» **Aim of the task**
Transcribe the entries below word for word, beginning at the line with "Warriors Swim & Dive - Carolina" and stopping after the line with "Randall Street, Wauchope"; drop all pictures.

» **Captioned web images**
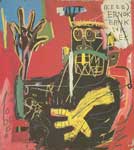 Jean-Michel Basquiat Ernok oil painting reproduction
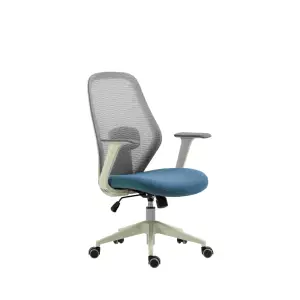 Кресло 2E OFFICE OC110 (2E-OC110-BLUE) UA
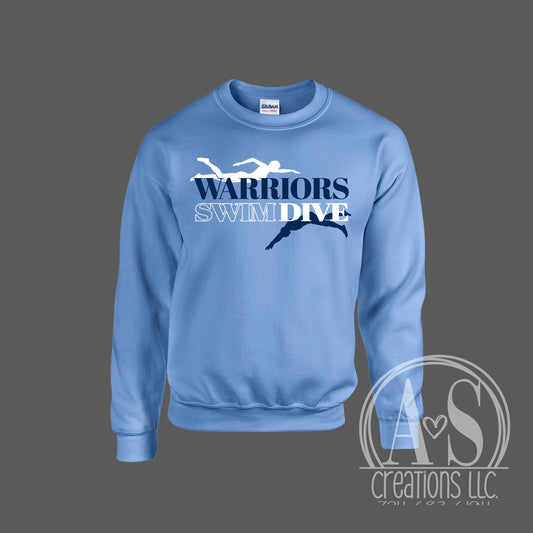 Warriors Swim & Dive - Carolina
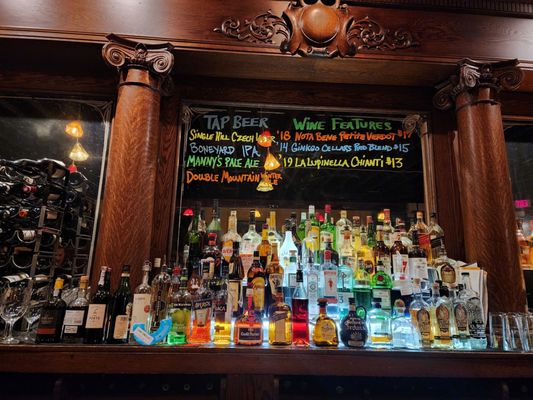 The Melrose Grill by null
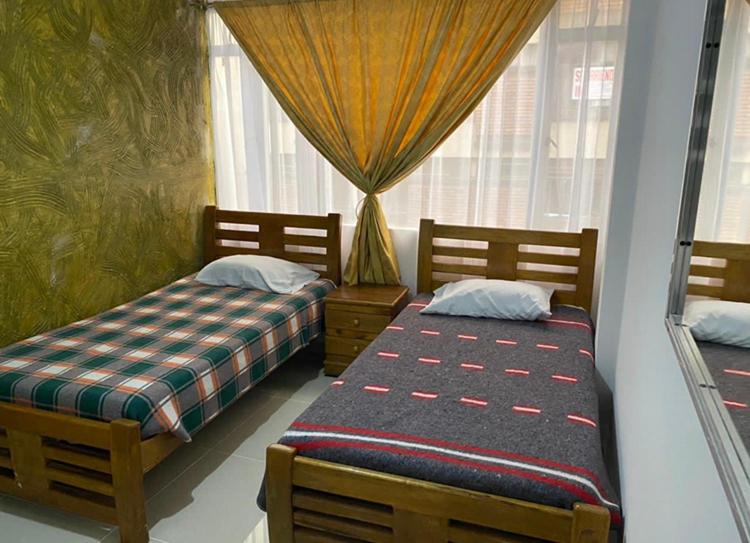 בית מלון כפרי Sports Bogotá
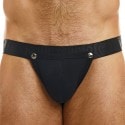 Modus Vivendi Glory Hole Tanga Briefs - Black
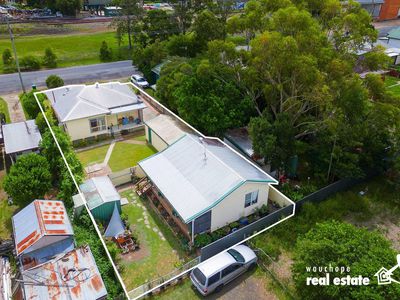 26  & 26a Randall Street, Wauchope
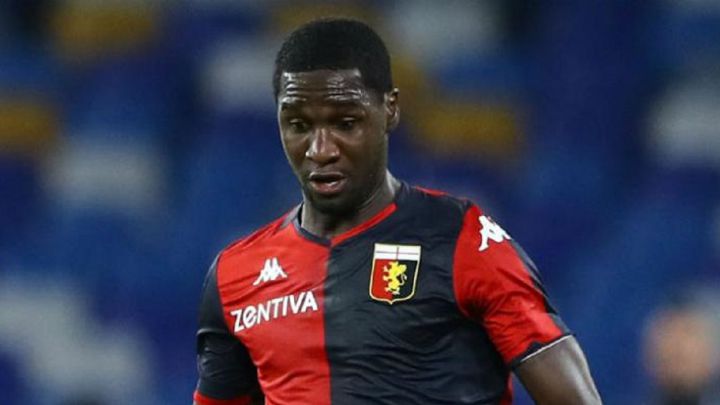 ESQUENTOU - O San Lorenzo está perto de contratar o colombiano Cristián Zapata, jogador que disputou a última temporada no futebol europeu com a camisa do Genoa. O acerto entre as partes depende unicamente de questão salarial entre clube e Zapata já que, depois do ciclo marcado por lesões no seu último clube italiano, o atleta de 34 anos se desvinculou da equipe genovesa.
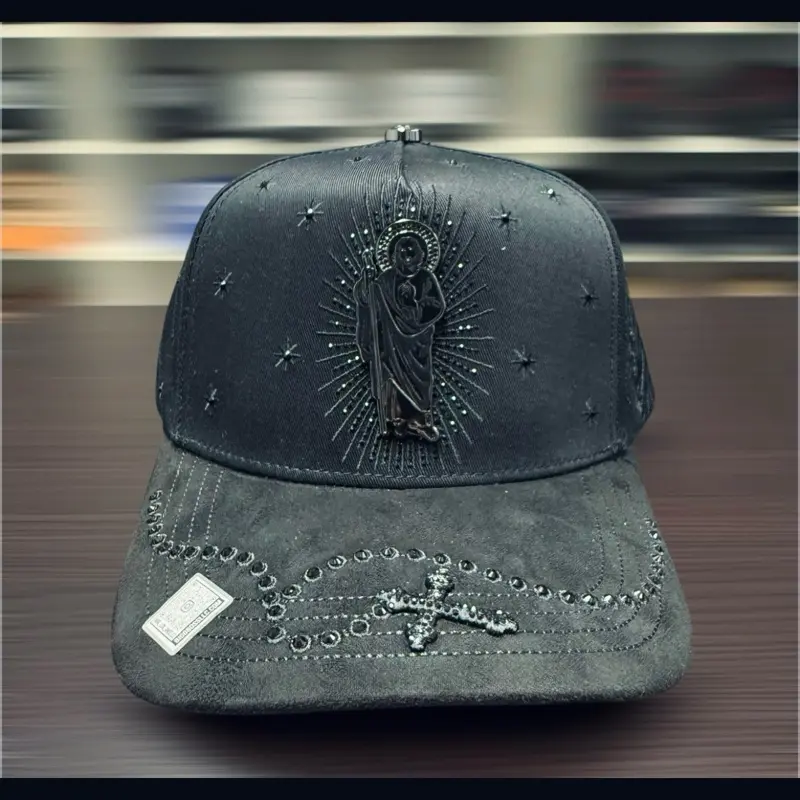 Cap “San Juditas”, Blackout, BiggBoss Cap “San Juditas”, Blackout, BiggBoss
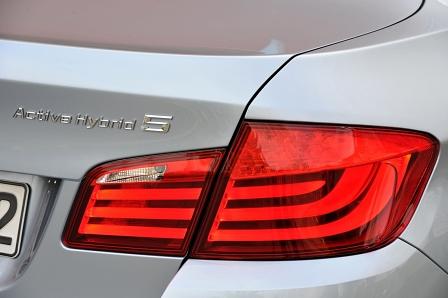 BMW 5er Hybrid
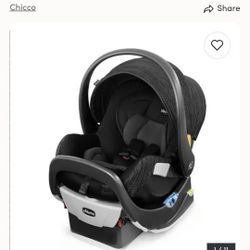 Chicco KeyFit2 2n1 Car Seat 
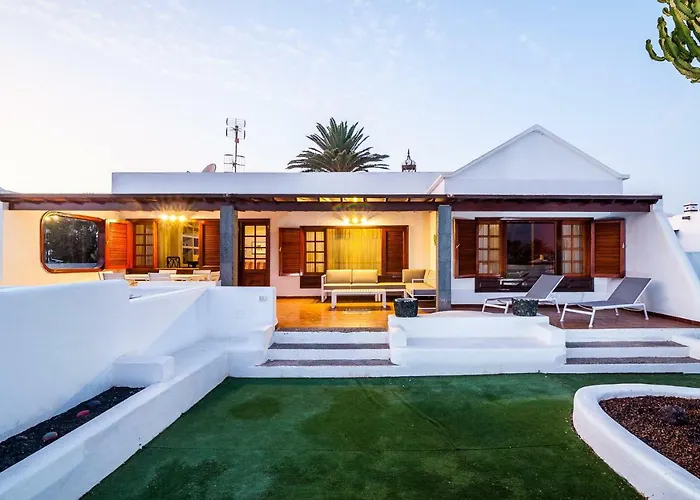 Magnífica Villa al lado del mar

» **Answer space**
 Warriors Swim & Dive - Carolina
 The Melrose Grill by null
 בית מלון כפרי Sports Bogotá
 Modus Vivendi Glory Hole Tanga Briefs - Black
 26  & 26a Randall Street, Wauchope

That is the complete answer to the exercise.